- Film poster
- Directed by: Erick Zonca
- Written by: Michael Collins Camille Natta (adaptation) Erick Zonca (writer) Aude Py (co-writer)
- Produced by: Bertrand Faivre François Marquis
- Starring: Tilda Swinton Aidan Gould Saul Rubinek Kate del Castillo
- Cinematography: Yorick Le Saux
- Edited by: Philippe Kotlarski
- Music by: Pollard Berrier Darius Keeler
- Distributed by: StudioCanal (France) Magnolia Pictures (US)
- Release date: March 12, 2008;
- Running time: 144 minutes
- Countries: France United States Mexico Belgium
- Languages: English Spanish
- Budget: $6 million
- Box office: $1,327,897

= Julia (2008 film) =

Julia is a 2008 international co-produced crime drama film directed by Erick Zonca and starring Tilda Swinton. It was shot in California and Mexico. The film was inspired by John Cassavetes's film Gloria. Swinton was nominated for the César Award for Best Actress.

== Plot ==

In California, an alcoholic named Julia is out of control, partying every night and waking up in unknown homes with no memory of the previous night. Her reckless behavior costs her her job, and she begins to go broke. She soon meets Elena at an AA meeting. One night, Elena takes Julia into her apartment after finding her passed out on the pavement.

The next day, Elena explains that she wants to kidnap her son Tom from his wealthy grandfather and asks Julia to participate for $50,000. Julia declines, but after some time, changes her mind. She visits an old friend to ask for his cooperation, but her offer is refused. She rides to the Mexican border, kidnaps the little boy and blackmails Elena's father-in-law for $2 million.

The police discover her whereabouts and she flees, accidentally crashing her car through a wall dividing the United States and Mexico. There, the boy is kidnapped by Mexican kidnappers. Her friend Mitch arrives in Mexico and gives Julia the ransom money. During the exchange, the Mexican kidnappers steal the money, leaving the boy safely with Julia.

==Production==
Principal photography began on October 6, 2006.

==Reception==
The film premiered in February 2008 at the Berlin Film Festival and received very positive reviews in Germany, as well as in other European countries. David Gordon Smith, writing for Der Spiegel, called it "one of the most stylish movies" in the competition, and referred to Tilda Swinton as an "unforgettable leading lady".

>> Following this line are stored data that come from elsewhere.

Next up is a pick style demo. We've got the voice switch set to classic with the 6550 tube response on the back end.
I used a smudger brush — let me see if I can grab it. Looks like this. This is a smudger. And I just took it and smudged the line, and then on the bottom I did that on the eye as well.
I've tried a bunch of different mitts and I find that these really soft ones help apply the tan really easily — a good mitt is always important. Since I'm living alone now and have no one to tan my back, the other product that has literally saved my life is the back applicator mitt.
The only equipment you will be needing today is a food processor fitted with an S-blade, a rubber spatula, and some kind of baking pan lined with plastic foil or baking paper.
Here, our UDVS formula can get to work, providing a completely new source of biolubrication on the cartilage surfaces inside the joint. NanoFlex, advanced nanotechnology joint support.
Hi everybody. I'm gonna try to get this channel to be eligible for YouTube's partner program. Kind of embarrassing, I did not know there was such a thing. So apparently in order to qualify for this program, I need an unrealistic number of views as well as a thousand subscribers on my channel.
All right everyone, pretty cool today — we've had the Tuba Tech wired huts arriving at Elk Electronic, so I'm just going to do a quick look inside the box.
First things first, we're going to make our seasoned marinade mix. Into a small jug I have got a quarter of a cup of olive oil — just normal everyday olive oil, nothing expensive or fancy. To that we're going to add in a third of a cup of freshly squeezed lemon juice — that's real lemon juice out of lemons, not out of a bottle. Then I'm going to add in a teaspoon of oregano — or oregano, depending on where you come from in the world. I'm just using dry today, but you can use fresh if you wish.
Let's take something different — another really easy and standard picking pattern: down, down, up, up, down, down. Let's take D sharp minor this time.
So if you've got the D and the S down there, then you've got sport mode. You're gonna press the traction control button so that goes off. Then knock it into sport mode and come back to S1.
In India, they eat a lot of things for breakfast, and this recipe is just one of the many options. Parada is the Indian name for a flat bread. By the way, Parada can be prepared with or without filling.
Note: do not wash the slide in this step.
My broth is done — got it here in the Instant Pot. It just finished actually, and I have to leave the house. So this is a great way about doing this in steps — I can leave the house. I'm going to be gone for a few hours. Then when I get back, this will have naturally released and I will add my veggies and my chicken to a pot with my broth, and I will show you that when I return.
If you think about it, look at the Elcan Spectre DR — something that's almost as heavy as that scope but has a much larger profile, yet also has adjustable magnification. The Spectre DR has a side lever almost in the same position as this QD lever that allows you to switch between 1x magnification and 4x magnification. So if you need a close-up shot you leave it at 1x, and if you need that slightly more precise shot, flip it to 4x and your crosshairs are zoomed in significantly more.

 Metacritic, which uses a weighted average, assigned the film a score of 62 out of 100, based on 14 critics, indicating "generally favorable" reviews.

Markus Zinsmaier, in Die Zeit, said that the film was one of the highpoints of the festival and had high praise for Swinton. Immediately after its success in Berlin, the movie was widely distributed in Germany.

The film was also praised in the French press and was called a "French film with English dialogue". L'Humanité felt that the film should have won the competition, and that Swinton should have won for best actress.

The Dutch press also praised the film. Kevin Toma of De Volkskrant called the movie "uncompromising", and of "recalcitrant, dizzying beauty".

Another Dutch reviewer, Constant Hoogenbosch of Moviemachine, was less positive, stating that the film was too long, but in the end, was saved by Swinton's performance.

A few U.S. reviewers disagreed with the generally positive European reviews. For example, Eddie Cockerell of Variety felt that the scenes with Aidan Gould tied up and at gunpoint were "uncomfortably exploitative", and that Julia's redemption at the end of the film was "more convenient than emotionally earned", feeling that the film would not do well when brought to the United States.

However, in sharp contrast, Roger Ebert of the Chicago Sun-Times placed Julia on his "The Best Films of 2009" list and stated that it is "the most striking performance in Tilda Swinton's exciting career. Only poor marketing prevented this from succeeding as the thriller of the year."

In 2013, Roy Abramsohn attended the Cinemacy interview, and chose Julia and Bernie as his favorite films.

==Release==
The film premiered at the Berlin International Film Festival on February 9, 2008, and was released worldwide on March 12, 2008, in France; on May 7, 2008, in Belgium; on June 19, 2008, in Germany; on August 10, 2008, in India; on August 14, 2008, in the Netherlands; and on August 21, 2008, in Kuwait. The film had a limited theatrical release in the United States on April 24, 2009, and was released on DVD on August 18, 2009.